___ Data ___

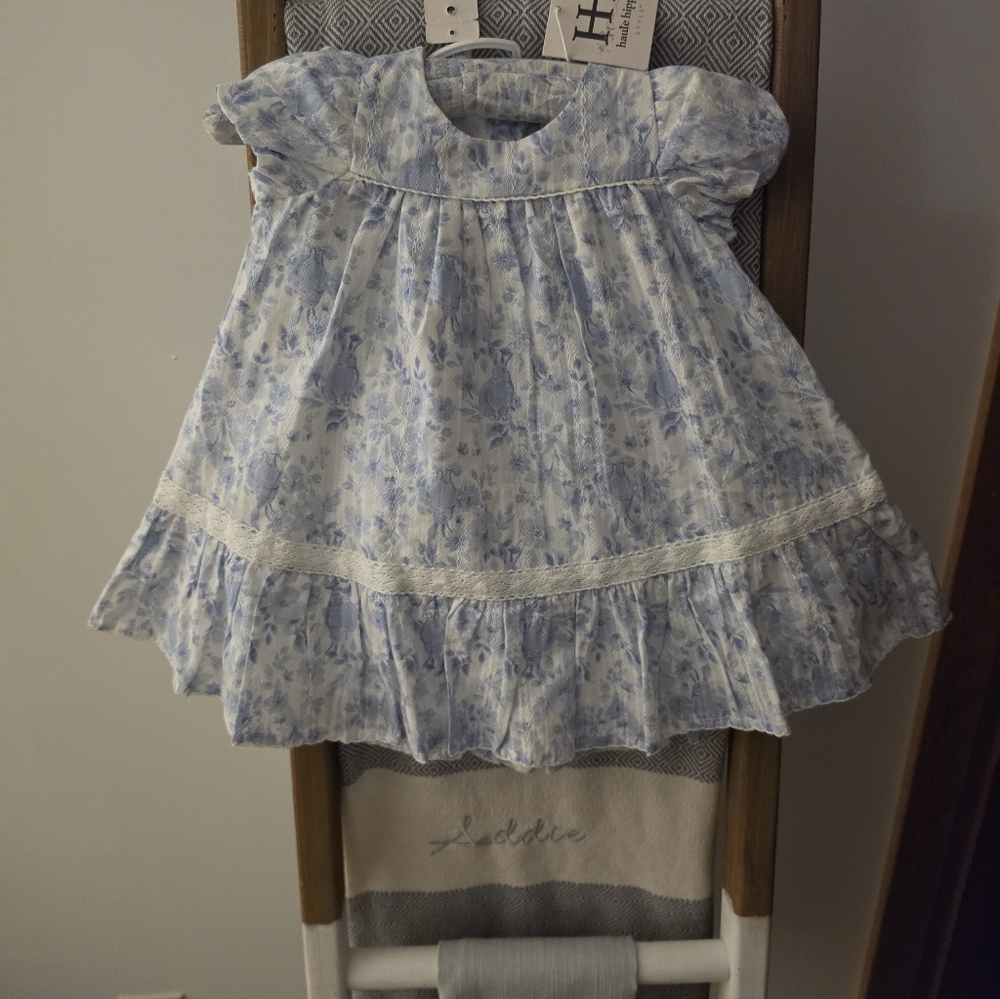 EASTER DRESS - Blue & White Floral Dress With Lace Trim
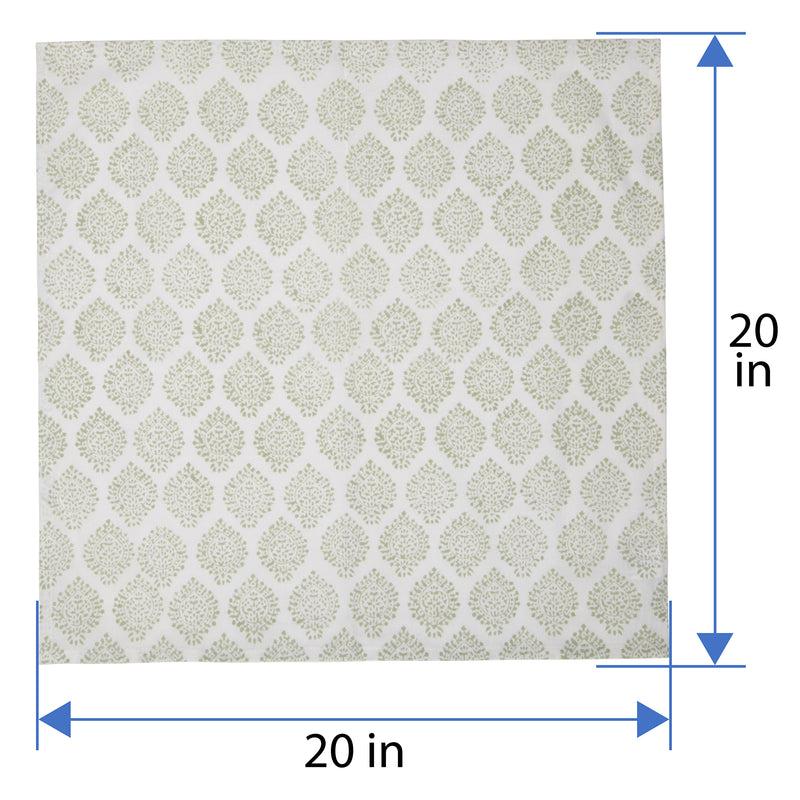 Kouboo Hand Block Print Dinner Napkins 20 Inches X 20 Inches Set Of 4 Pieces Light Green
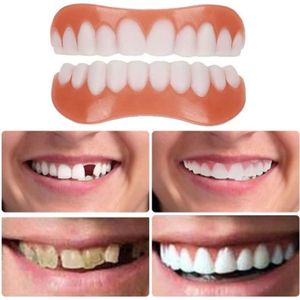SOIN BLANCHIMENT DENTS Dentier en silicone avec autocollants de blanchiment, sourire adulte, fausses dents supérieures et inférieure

___

About this task: From the material above, reproduce everything verbatim except the pictures.

Response to this exercise:
 EASTER DRESS - Blue & White Floral Dress With Lace Trim
 Kouboo Hand Block Print Dinner Napkins 20 Inches X 20 Inches Set Of 4 Pieces Light Green
SOIN BLANCHIMENT DENTS Dentier en silicone avec autocollants de blanchiment, sourire adulte, fausses dents supérieures et inférieure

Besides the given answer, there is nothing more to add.